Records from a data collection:

┌────────

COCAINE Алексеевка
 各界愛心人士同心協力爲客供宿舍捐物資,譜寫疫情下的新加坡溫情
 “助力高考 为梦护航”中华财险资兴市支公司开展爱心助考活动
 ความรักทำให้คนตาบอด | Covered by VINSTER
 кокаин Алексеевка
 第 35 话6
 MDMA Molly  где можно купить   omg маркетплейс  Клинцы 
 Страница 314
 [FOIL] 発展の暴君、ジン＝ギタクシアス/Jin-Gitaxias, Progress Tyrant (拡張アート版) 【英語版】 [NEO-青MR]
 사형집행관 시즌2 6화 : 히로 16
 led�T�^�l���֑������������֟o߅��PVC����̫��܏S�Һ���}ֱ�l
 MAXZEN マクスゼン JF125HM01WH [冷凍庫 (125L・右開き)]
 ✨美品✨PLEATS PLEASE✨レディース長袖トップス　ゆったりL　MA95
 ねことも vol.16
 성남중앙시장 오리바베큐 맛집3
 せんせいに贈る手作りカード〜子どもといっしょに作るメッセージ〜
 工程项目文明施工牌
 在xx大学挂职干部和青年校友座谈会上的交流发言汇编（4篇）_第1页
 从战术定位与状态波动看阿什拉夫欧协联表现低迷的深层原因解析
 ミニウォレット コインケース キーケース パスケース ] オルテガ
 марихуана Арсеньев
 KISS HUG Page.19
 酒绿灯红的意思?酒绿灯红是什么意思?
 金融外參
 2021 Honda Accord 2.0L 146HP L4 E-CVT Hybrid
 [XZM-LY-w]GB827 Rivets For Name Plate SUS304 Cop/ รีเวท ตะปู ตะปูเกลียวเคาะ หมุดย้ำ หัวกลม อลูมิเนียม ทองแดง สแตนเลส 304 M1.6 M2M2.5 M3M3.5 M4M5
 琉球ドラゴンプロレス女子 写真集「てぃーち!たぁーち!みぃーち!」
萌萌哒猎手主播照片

└────────

• Your instructions: Would you retype the lines above from the one with "где можно купить" down to the one with "MAXZEN マクスゼン JF125HM01WH [冷凍庫 (125L・右開き)]", word for word, both ends included and no other lines?

• Answer section:
 MDMA Molly  где можно купить   omg маркетплейс  Клинцы 
 Страница 314
 [FOIL] 発展の暴君、ジン＝ギタクシアス/Jin-Gitaxias, Progress Tyrant (拡張アート版) 【英語版】 [NEO-青MR]
 사형집행관 시즌2 6화 : 히로 16
 led�T�^�l���֑������������֟o߅��PVC����̫��܏S�Һ���}ֱ�l
 MAXZEN マクスゼン JF125HM01WH [冷凍庫 (125L・右開き)]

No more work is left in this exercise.